Q: Voters passed a $42.8 million bond issue in 1995. Why
do you need money?
A: Yes, voters approved a $42.8 million general obligation bond for Lane Community College in 1995 to build and remodel facilities. Bond funds can only be used for these purposes. From this funding LCC got six new buildings on campus, remodels, and capital upgrades. The final project, the wastewater treatment plant, will be completed in 2007.
Q: Why don't you just raise tuition and fees?
A: We have. Since 2002, Lane has increased tuition from $35 to $69.50 per credit hour! Lane’s tuition was the second lowest in Oregon, now it is one of the highest. Q: Why is private support important?
A: Excellence has become our hallmark. But excellence requires investment over and above the minimum necessary to sustain the College.
Philanthropic support for Lane has become increasingly important. State support provides only 34.7 percent of the total 2006-2007 budget for the College with the remainder made up from property taxes, student tuition and fees, and other sources. This situation puts even more pressure on students, over 50 percent of whom require some form of financial assistance.
Thus, the College's future depends more than ever on philanthropic gifts by individuals, businesses, and foundations. Private gifts are essential for many special programs available to students. Q: What support is needed right now?

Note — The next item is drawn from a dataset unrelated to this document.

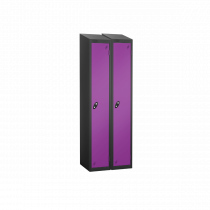 Nest of 2 Metal Storage Lockers | Single Door | 1780 x 305 x 305mm | Black Carcass | Lilac Door | Cam Lock | Sloping Top | Probe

A: We need funds to support students, to enhance academic programs, and to create an environment that is conducive to learning.
Where the need is greatest - The most desirable gift is one which can be directed where the need is greatest. These gifts provide the most flexible, effective, and efficient means to support those areas considered by the President and the Trustees to be most important.

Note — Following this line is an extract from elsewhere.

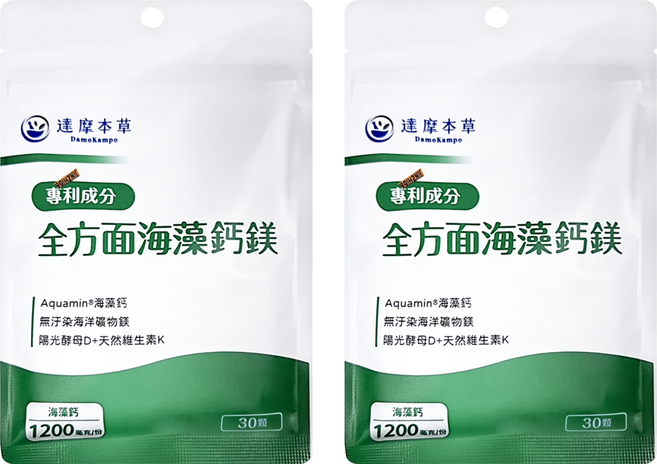 達摩本草 全方位海藻鈣鎂, 0.9g, 30顆, 2包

Some of the variety of needs met by the College Fund includes: scholarships, student recruitment and retention, faculty/staff development, and special project grants for departments and programs. Many donors wish to direct their support to a particular project or program. Following are some suggestions:
Student Scholarship - Over 55 percent of Lane's students receive some form of financial assistance. A scholarship is often the stepping stone to higher education for many well-qualified students whose lack of financial resources would otherwise deny them this opportunity. Gifts for scholarships are truly an investment in the future of our community.

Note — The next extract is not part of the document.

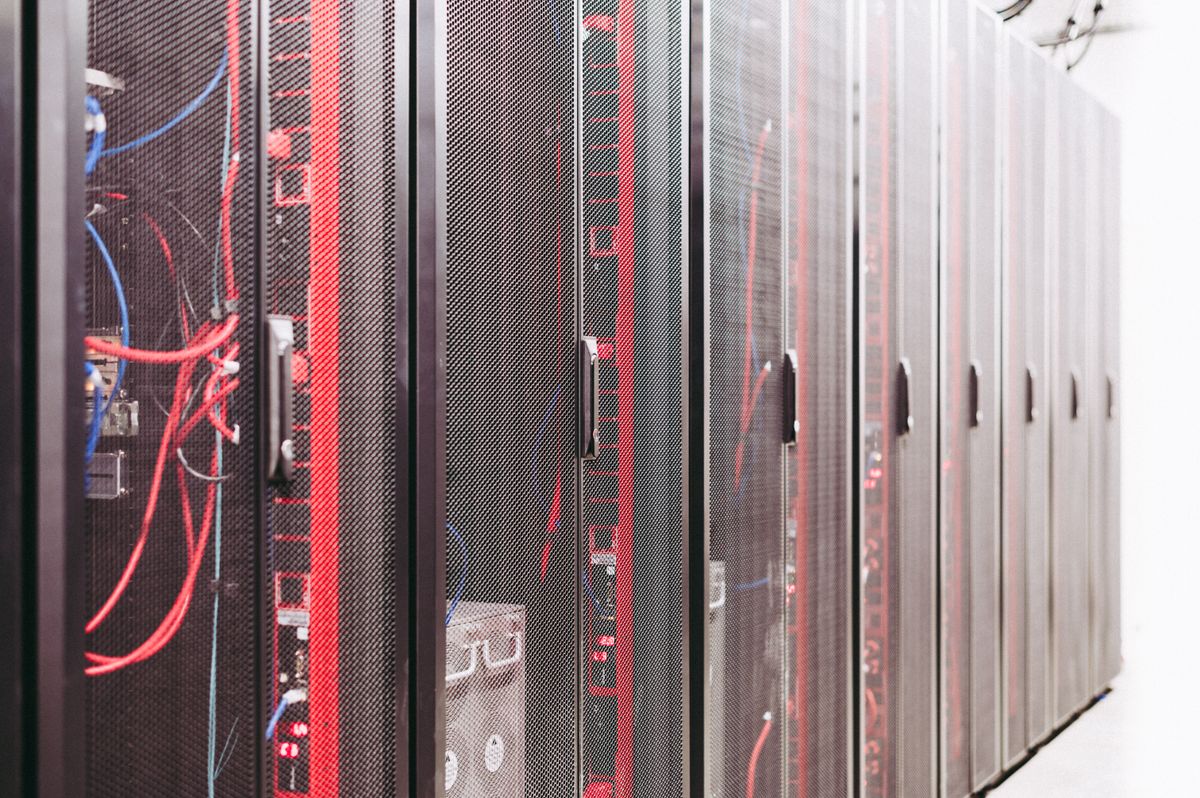 Server and UPS equipment racks in an office room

Department or Program Support - Many gifts are designated for specific departments or programs, without any restrictions on how the gift is to be used. Local businesses often contribute to that part of the College most directly allied with their particular enterprise. By leaving the determination of the gift's use to the department or program head, a donor can be assured the gift will be used in an effective, timely and important manner.
Q: What do students and community members think of Lane?
A: Students give Lane high marks in annual surveys.
- 96% of graduates and near-graduates report they achieved their goals at Lane.
- 88% of employed former professional technical students said Lane courses were relevant or very relevant to their jobs, and
- 83% of graduates were employed in jobs related to their training.
- 80% of transfer students said Lane prepared them very well or well.
- Research shows that Lane students do better at four-year institutions than non-transfer students.
Q: Who Benefits From Our Programs & Services?
A: We all do! A high quality public education system is linked to increased lifetime earnings and to reduced rates of dropout, teen pregnancy, unemployment, crime, and delinquency. Sound investments in Lane Community College will make a tangible difference in student’s lives - in their skills, their future professionalism in the world, and their responsible commitment to their community.